In the end - parents who are united and have set the boundaries are essential for the emotional health and growth of the kids. You owe it to your kids to raise them to have EQ and boundaries and you owe it to yourself to have a strong marriage via a strong parenting partnership.

Anonymous
I have a similar problem - my husband makes ridiculous, out of proportion and completely idle threats. Never follows through on anything. Also drives me insane.
Anonymous
I don't get it. OP, why didn't you get up and put the toy/bag out of reach. Wife agreed that it will go up. You two were on the same page. Daughter grabs the bag, you get up, take the bag and say, mommy and daddy said no, then place the bag somewhere. Wife probably said fuck it because your ass is all talk but no action.

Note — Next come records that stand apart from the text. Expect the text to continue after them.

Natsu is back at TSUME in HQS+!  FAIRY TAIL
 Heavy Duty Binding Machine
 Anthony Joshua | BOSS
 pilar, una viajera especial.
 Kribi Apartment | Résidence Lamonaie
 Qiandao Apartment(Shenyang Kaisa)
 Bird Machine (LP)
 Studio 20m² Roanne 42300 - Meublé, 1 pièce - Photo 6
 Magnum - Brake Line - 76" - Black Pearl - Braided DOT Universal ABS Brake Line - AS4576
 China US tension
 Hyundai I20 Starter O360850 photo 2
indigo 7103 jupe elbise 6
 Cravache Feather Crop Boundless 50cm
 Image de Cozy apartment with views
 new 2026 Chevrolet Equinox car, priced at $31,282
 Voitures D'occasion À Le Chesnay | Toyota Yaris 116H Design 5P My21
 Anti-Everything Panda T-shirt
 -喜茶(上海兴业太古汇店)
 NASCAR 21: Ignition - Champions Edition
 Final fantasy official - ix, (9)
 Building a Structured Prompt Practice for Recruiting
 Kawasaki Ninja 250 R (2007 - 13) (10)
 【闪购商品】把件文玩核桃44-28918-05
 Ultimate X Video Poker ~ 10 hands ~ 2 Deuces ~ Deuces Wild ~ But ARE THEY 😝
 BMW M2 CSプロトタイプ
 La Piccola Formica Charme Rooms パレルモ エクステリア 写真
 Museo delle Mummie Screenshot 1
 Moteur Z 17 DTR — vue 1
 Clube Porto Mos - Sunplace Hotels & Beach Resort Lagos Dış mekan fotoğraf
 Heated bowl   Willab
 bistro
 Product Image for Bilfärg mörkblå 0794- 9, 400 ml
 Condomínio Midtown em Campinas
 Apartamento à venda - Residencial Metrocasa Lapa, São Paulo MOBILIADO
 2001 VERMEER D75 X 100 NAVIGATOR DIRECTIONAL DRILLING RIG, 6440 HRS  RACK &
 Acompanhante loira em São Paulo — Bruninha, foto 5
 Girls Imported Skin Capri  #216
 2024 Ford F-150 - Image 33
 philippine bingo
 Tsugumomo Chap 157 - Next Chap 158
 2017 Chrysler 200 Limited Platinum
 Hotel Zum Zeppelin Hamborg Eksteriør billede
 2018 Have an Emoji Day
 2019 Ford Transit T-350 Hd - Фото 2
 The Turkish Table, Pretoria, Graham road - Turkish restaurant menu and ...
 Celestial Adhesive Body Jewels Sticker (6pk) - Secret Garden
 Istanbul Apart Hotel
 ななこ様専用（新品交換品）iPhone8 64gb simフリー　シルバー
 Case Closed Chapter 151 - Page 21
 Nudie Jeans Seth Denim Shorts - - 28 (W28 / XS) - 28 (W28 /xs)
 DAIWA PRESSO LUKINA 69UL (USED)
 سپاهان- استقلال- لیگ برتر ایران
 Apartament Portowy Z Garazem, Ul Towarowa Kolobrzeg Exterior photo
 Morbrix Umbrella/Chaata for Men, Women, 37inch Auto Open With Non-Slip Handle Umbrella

It would also help if you say how old the child is
Anonymous
OP, are you a man or woman?
Anonymous
Anonymous wrote:OP, are you a man or woman?


Please. Do you really have to ask?
Anonymous
Anonymous wrote:
Anonymous wrote:OP, are you a man or woman?


Please. Do you really have to ask?


OP has a wife so, yes, OP is a man or a woman.
Anonymous
Anonymous wrote:Why not just swat the kid?


Because obviously OP agrees with many of us that physical violence should be avoided.
Anonymous
Anonymous wrote:
Anonymous wrote:
Anonymous wrote:OP, are you a man or woman?


Please. Do you really have to ask?


OP has a wife so, yes, OP is a man or a woman.


Thank you, Miss PC. OP also specifically uses the term "mommy" in the post. Do you find that vague/ offensive as well?